The lengthy package consists of two directives. One implements the OECD’s BEPS action plan at EU level, to pave the way for a common consolidated corporate tax base in the autumn. The other requires the automatic exchange of information by large companies limited to tax administrations (country-by-country tax reporting). It includes non-binding recommendations on tax havens outside the EU and on good tax governance in developing countries that rely even more on corporate tax revenues.
It will take more time for a full evaluation of its exact effect on corporate tax avoidance, which costs the global economy up to € 240 billion every year, according to recent conservative official estimates.
General Secretary of EPSU, Jan Willem Goudriaan, said: ‘We welcome that the Commission continues on its tax regulatory path. Governments talk a lot about tax evasion but do very little to stop profitable companies dodging the tax payments we need to fund the welfare state. The UK’s recent shocking tax deal with Google and the new Irish “knowledge box” are good illustrations of leaders’ complicity with the wealthy tax dodgers."
“However the package fails to live up to our calls to take tax reform beyond the OECD’s weak action plan. In some cases its recommendations are even weaker than those of the OECD. The Commission rightly condemns the shifting of profits to low tax regimes via excessive interest deductions or bogus intellectual property regimes, as in the case of McDonald’s. However, some proposals are not helpful."
“The directive on country-by-country reporting (CBCR) by companies is too weak – the scope of information must be broader and be made public. The business lobby has failed to produce concrete examples of how the publication of this information would harm their business. Why wait until April to bring about transparency on corporate tax affairs? Public CBCR is key to stopping tax dodging and to establishing a common corporate tax base in Europe and is crucial for the survival of under-resourced tax administrations,” added Mr Goudriaan.
On a positive note, the package recognises that many common forms of tax avoidance are wrong. The introduction of a European General Anti-Avoidance Rule to prevent situations where companies act against the actual purpose of tax law is welcomed. But the wording could be better, and it is unclear how it will be made operational in the absence of a common definition of business permanent establishment.
It is right to propose a capping of corporate interest deductions, but setting the threshold at 30 % of earnings before interest, tax, depreciation, and amortization (EBITDA), or €1 million annually, is far too high.
We welcome the Controlled Foreign Company (CFC) rules. But again the devil is in the detail, as the Commission seems to imply that tax avoidance below 40% of a country’s nominal corporate tax rate is an acceptable level of tax avoidance.
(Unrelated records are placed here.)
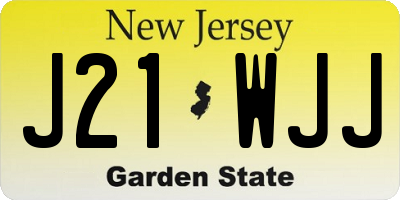 NJ license plate J21WJJ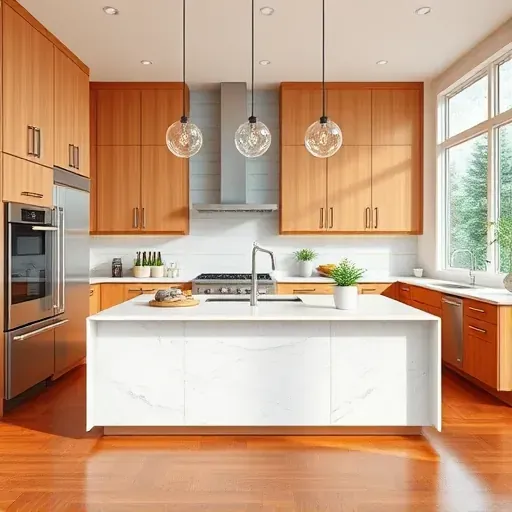 Remodeled Derwood kitchen with warm wood cabinets stainless steel appliances marble island pendant lighting polished hardwood floors and large windows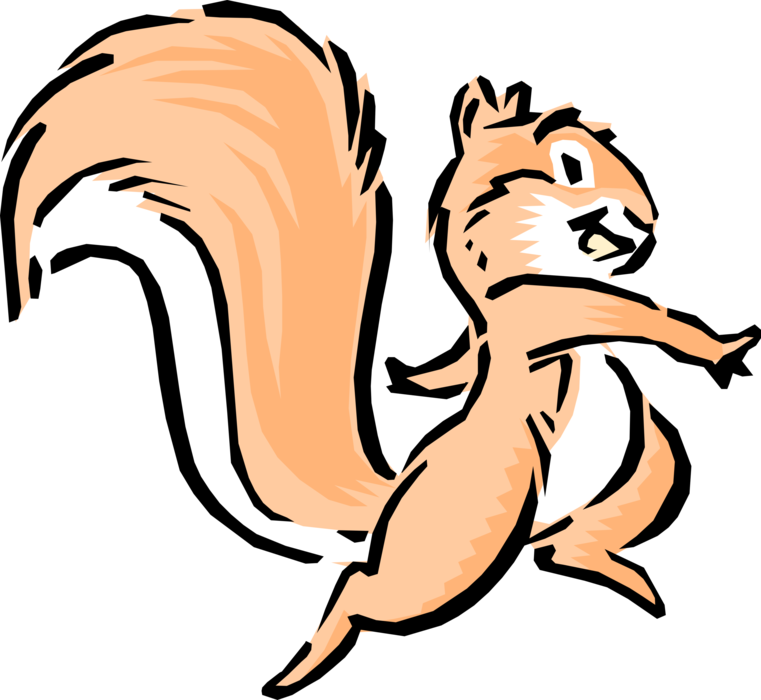 Vector Illustration of Cartoon Arboreal, Bushy-Tailed Rodent Squirrel Dancing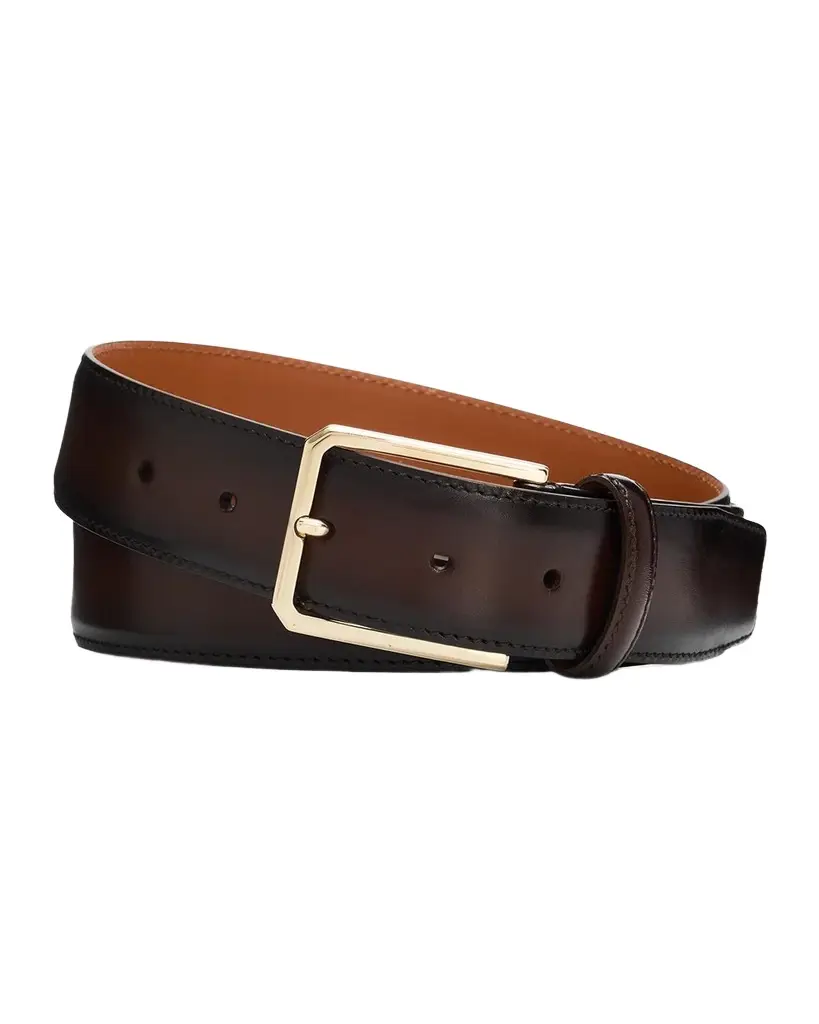 Men's Rectangular-Buckle Leather Belt Men's Rectangular-Buckle Leather Belt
“It legitimises the fact that profitable companies can pay massively less tax than their employees” said Nadja Salson, policy officer on tax. “Here the European Commission fails to recognise that part of the problem is the business model of hiding behind endless chains of subsidiaries, franchises, and bogus letter box companies to avoid paying tax. In doing so the Commission keeps alive the arms-length principle that allows corporate groups to escape being treated as they should be: single entities. Given the downward trend of nominal corporate tax rates in the EU, we need to fix a common minimum corporate tax rate of at least 25 % as a priority. The Commission’s proposals simply do not go far enough.
“On EU external strategy, we welcome the EC’s renewed promise for a common list of tax havens, but this must be supported by deterring sanctions. On developing countries, it is common sense to call for better resourced tax administrations and the same should apply to EU tax administrations that continue suffering from austerity measures. But the EC must also change its external trade policy if it is serious about sustainable development, which must be based on progressive taxation and sufficiently funded public services,” concludes Ms Salson.
The package shows that the fight is not over until every company pays every euro of tax that it owes, like everyone else. EPSU will continue its work within the tax justice movement, with workers in tax administrations, Members of Parliament and others to improve the package.